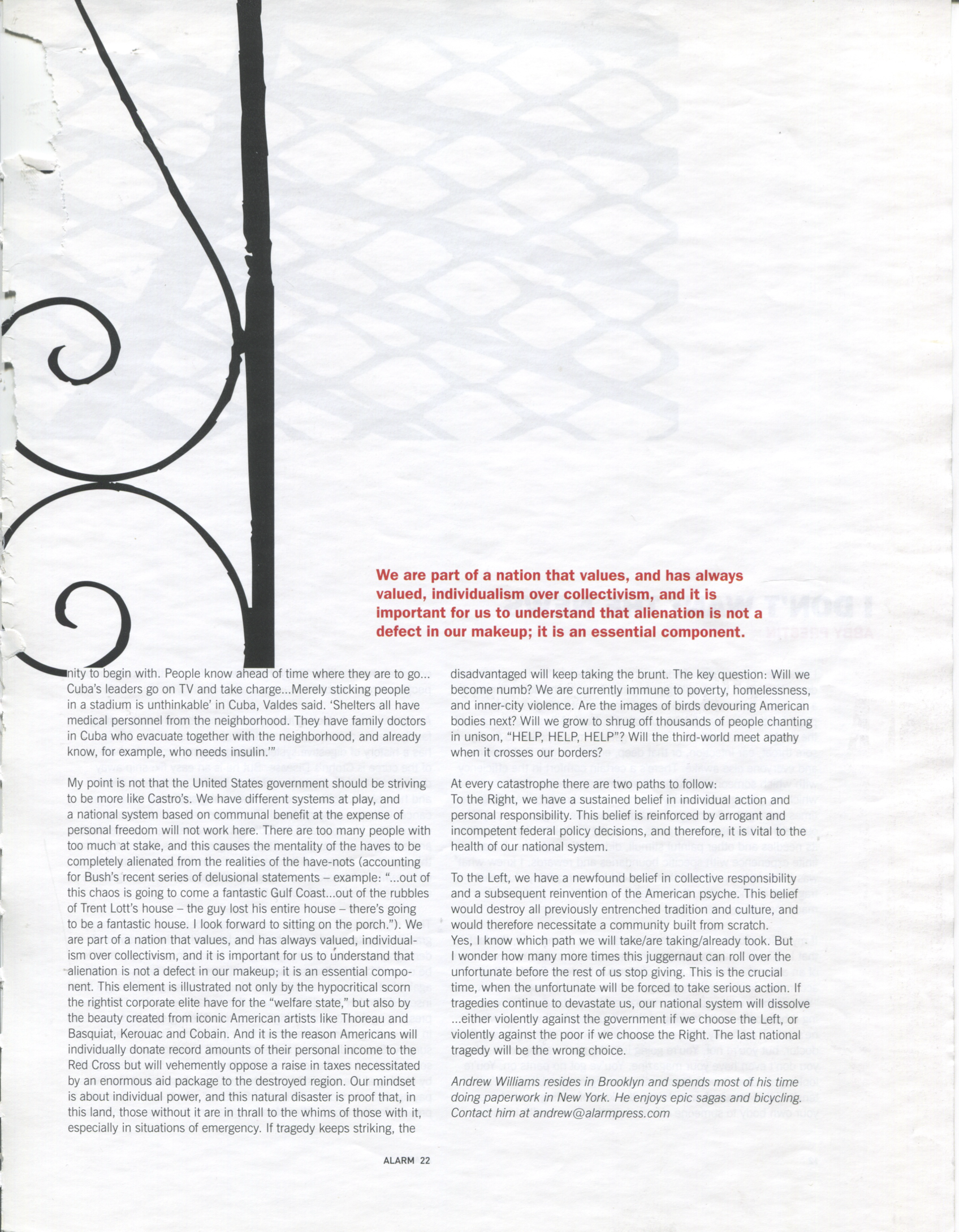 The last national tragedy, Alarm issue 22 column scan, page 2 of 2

::::::::

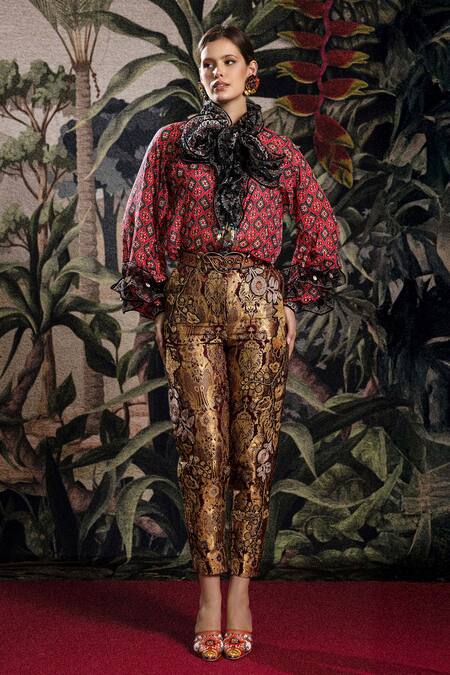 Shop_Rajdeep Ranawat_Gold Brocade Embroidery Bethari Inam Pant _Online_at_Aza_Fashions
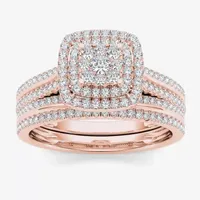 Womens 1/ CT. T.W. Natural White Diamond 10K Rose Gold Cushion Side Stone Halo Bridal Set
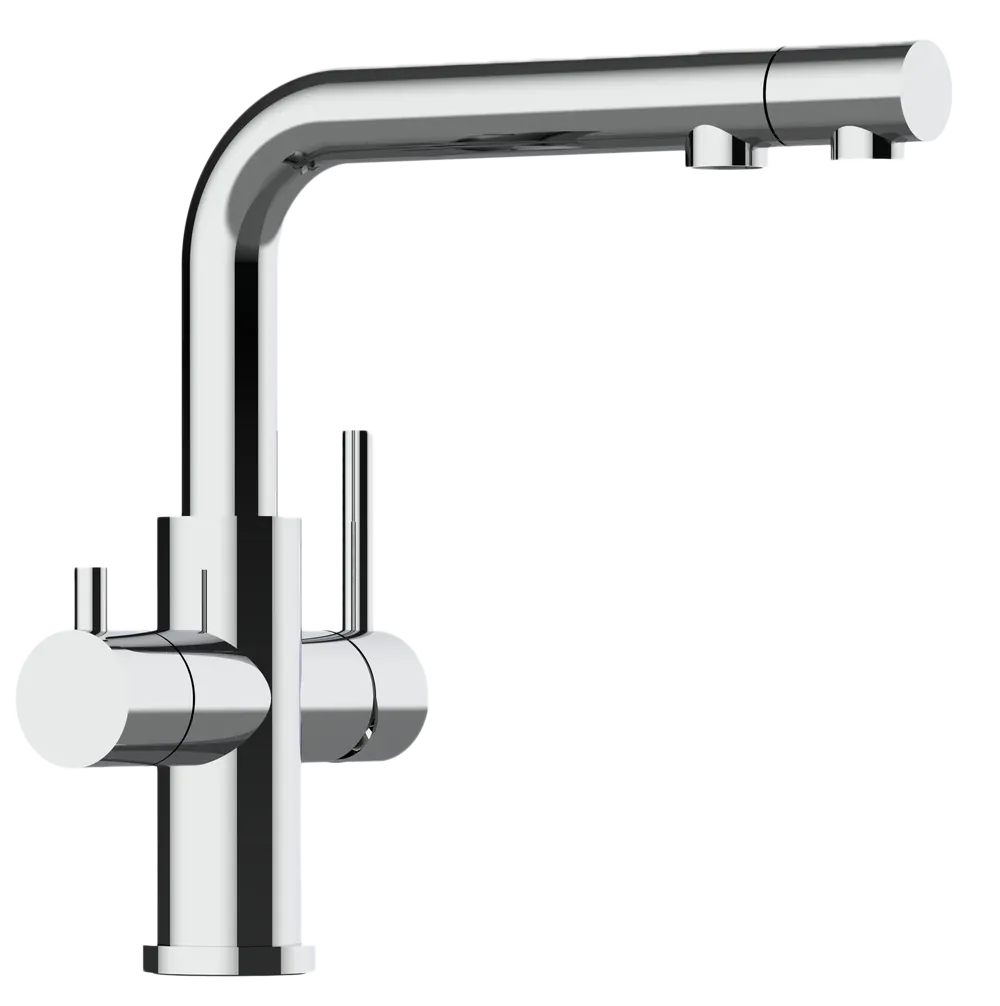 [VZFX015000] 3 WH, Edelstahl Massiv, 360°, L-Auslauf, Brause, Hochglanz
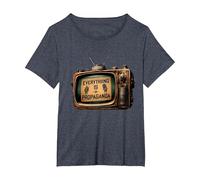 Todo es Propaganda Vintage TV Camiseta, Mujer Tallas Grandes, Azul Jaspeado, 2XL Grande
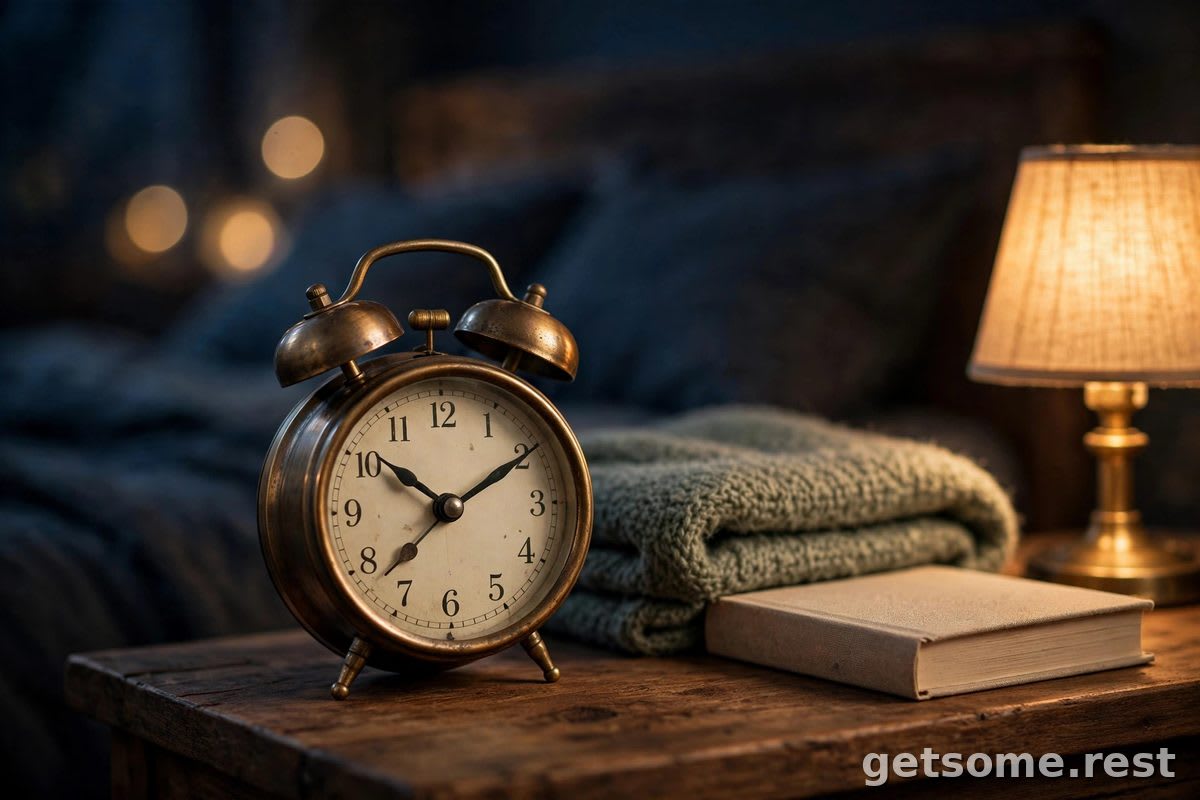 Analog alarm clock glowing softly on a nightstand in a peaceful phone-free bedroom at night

::::::::

Your task: Repeat exactly, and only, the entries from the line with "[VZFX015000] 3 WH, Edelstahl" through the line with "Analog alarm clock". Pictures are skipped.

Expected answer:
 [VZFX015000] 3 WH, Edelstahl Massiv, 360°, L-Auslauf, Brause, Hochglanz
 Todo es Propaganda Vintage TV Camiseta, Mujer Tallas Grandes, Azul Jaspeado, 2XL Grande
 Analog alarm clock glowing softly on a nightstand in a peaceful phone-free bedroom at night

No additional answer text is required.